Batane distrutte, il cerchio si stringe
Comacchio, i carabinieri starebbero seguendo piste che portano al mondo degli stessi cacciatori ma anche agli animalisti
COMACCHIO. Proseguono, sotto stretto riserbo, le indagini dei carabinieri di Comacchio per fare luce sui due gravi episodi che, intorno alle 22 di sabato scorso, hanno provocato la distruzione di 7 batane (cinque sono state incendiate e due sfondate da pesanti massi), utilizzate dai cacciatori di valle.
Gli inquirenti in queste ore stanno raccogliendo le denunce e stanno sentendo numerosi cacciatori, che praticano l’attività nell’azienda valliva particolare di caccia nelle valli di Comacchio.
La pista più accreditata resta quella dello screzio e delle rivalità nel mondo della caccia.
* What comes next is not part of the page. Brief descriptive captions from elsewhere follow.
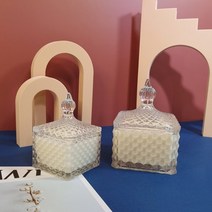 캔들용기 - 불꽃 사각 크리스탈 유리 (사이즈선택) diy 유리 소이캔들만들기 재료, 대 350ml 사각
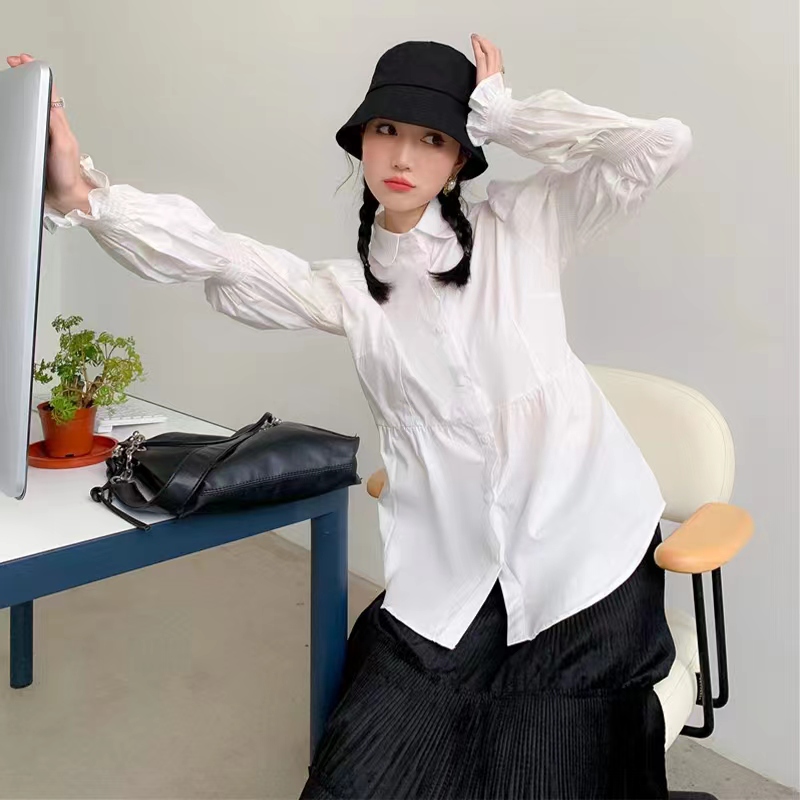 減齡小心機設計感泡泡花瓣袖小眾長袖白襯衫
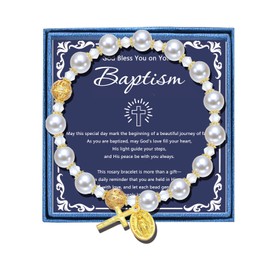 LIUANAN Meaningful Baptism Gifts Virgin Mary Crucifix Bracelet for Christening Rosary Beads Cathoic Gift Faith Bracelet Christian Daughter Niece Granddaughter Sister Friend Goddaughter (Gold)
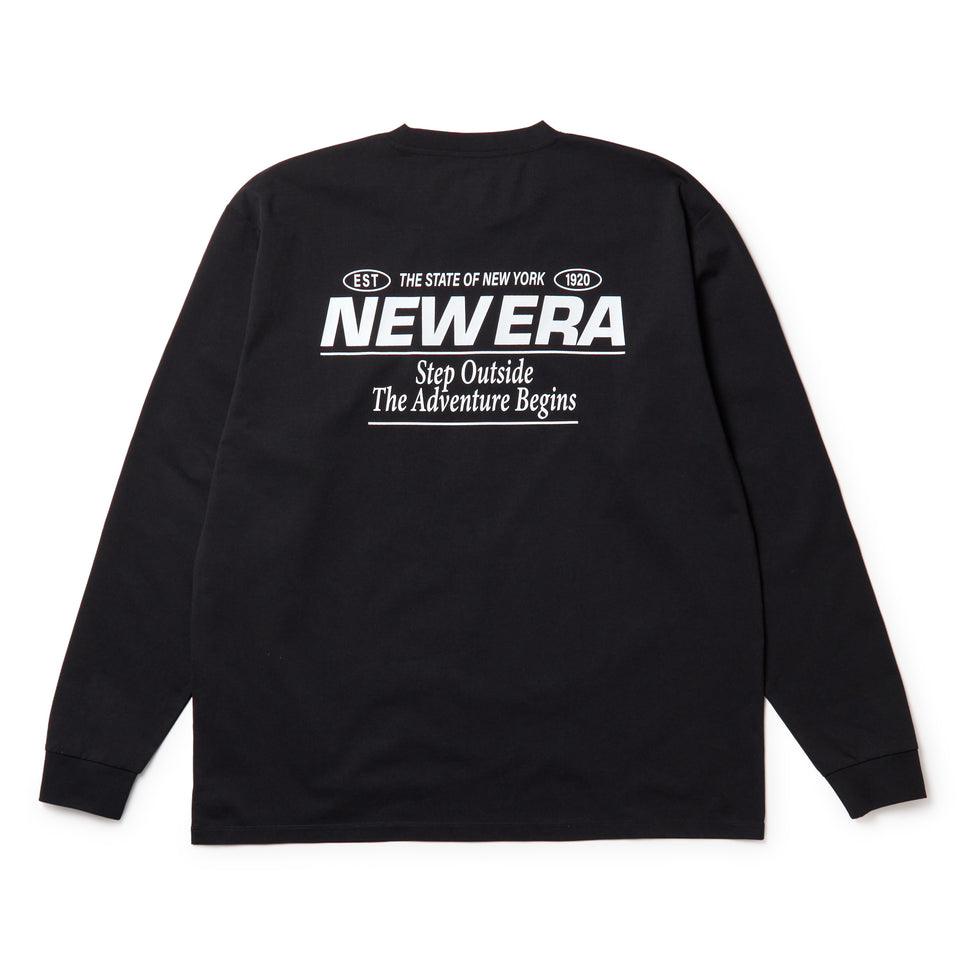 長袖 オーバーサイズド ユーティリティ Tシャツ Step Outside The Adventure Begins ブラック|アウトドア | NEW ERA ニューエラ公式オンラインストア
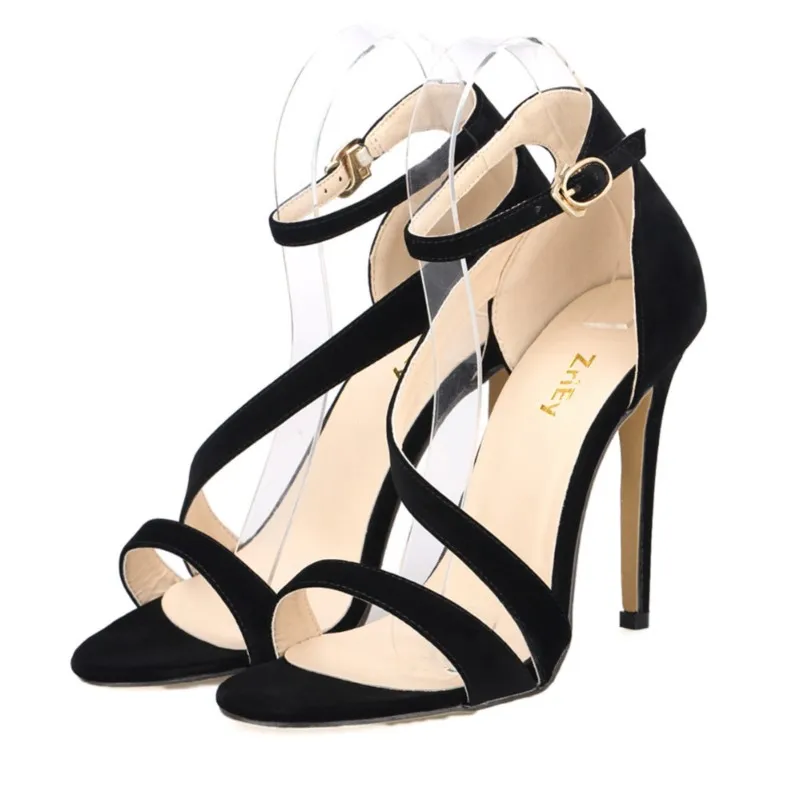 

Euro-American sexy velvety high-heeled open-toe ladies' sandals, fashionable and comfortable 10cm high heels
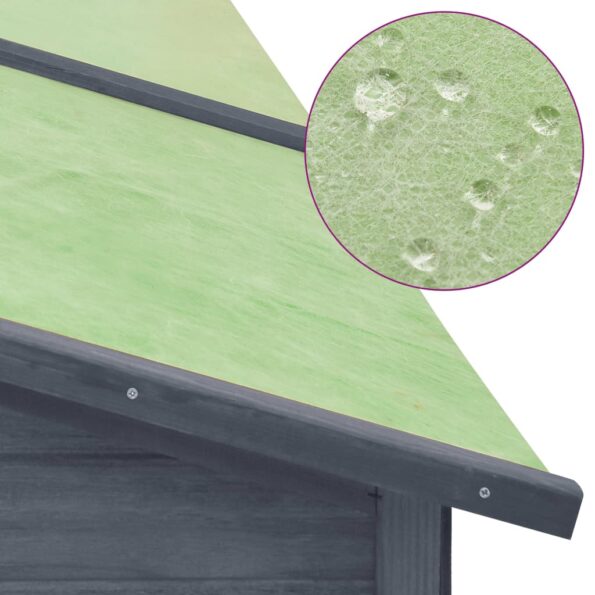 vidaXL Vonkajšia králikáreň s výbehom sivo-biela masívne jedľové drevo – Obrázok 6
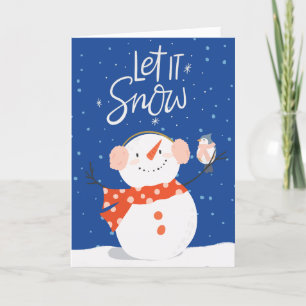 Let it Snow Christmas Card Navy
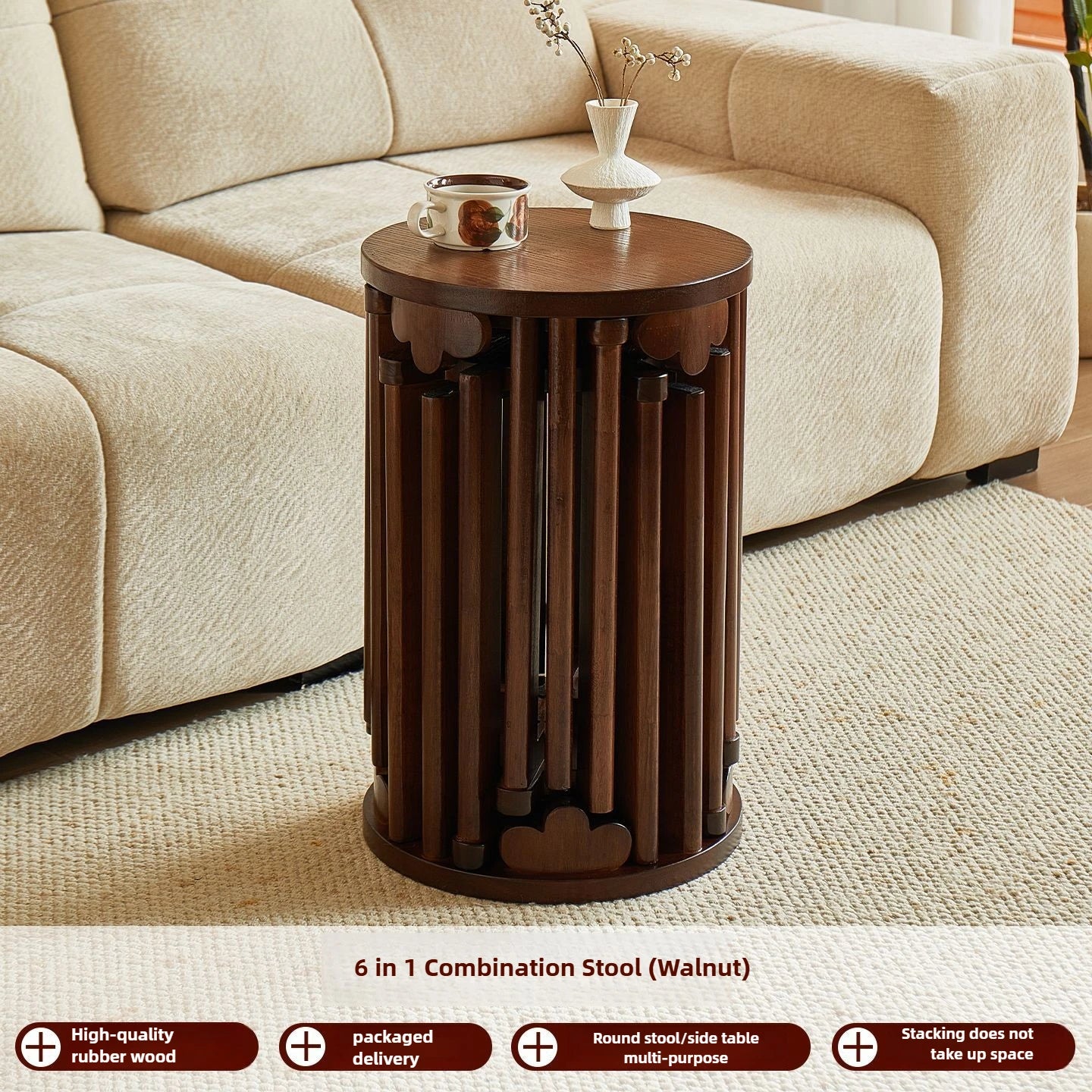 Purilite Select Solid Wood Round Stool | Stackable Dining Table Stool | Living Room Coffee Table Small Chair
Rino Beltrami, esponente del direttivo di Enalcaccia, dopo aver recuperato i frammenti carbonizzati della batana, che impiegava per raggiungere le due tine all’altezza degli appostamenti di caccia denominati “rinfreschi” e “sorbara in campo”, si lascia andare ad un amaro sfogo: «Solo una mente malata può aver fatto quelle cose. Non è il modo di portare avanti un’idea – commenta Beltrami -, perché le cose si affrontano con il dialogo, il buon senso e la buona volontà».
Serpeggia ancora in queste ore l’ipotesi della chiusura anticipata della stagione venatoria in valle, con sei giornate di anticipo, già ventilata in passato dopo casi analoghi. Prosegue Beltrami: «Se l’obiettivo degli animalisti è far chiudere la caccia, forse lo hanno già raggiunto. Faccio fatica a pensare che sia stato un cacciatore. Che interesse avrebbe avuto, visto che non ammazziamo niente, perché non c’è più selvaggina?».
Intanto giovedì e domenica, salvo provvedimenti di interruzione della stagione, i cacciatori potranno ripercorrere con le loro batane il tragitto in valle necessario a raggiungere le tine, nelle quali praticano l’attività di caccia. Secondo il calendario venatorio l’accesso è consentito dalle 4 alle 17, con cessazione dell’attività alle 16.
Chi ha appiccato il fuoco alle batane dislocate lungo l’argine di Stazione Foce e chi ha distrutto con grossi macigni il fondo di altre due batane adagiate sulla riva di Stazione Umana, si ritiene che abbia agito a colpo sicuro, dato che i cacciatori sarebbero andati non prima delle 4 del mattino in valle.
«Una batana in legno di pioppo o faggio non verniciata – conclude Beltrami – costa circa 1.400 euro e io ne acquisterò un’altra, perché la mia è una passione e noi non vogliamo distruggere, ma salvaguardare la nostra storia ed il nostro territorio». Massimo Medri, presidente dell’Ente di gestione per i parchi e le biodiversità – Delta del Po, riferisce che «mercoledì, dopo le festività, faremo il punto della situazione, ma prima di assumere ogni decisione attenderemo l’esito delle indagini».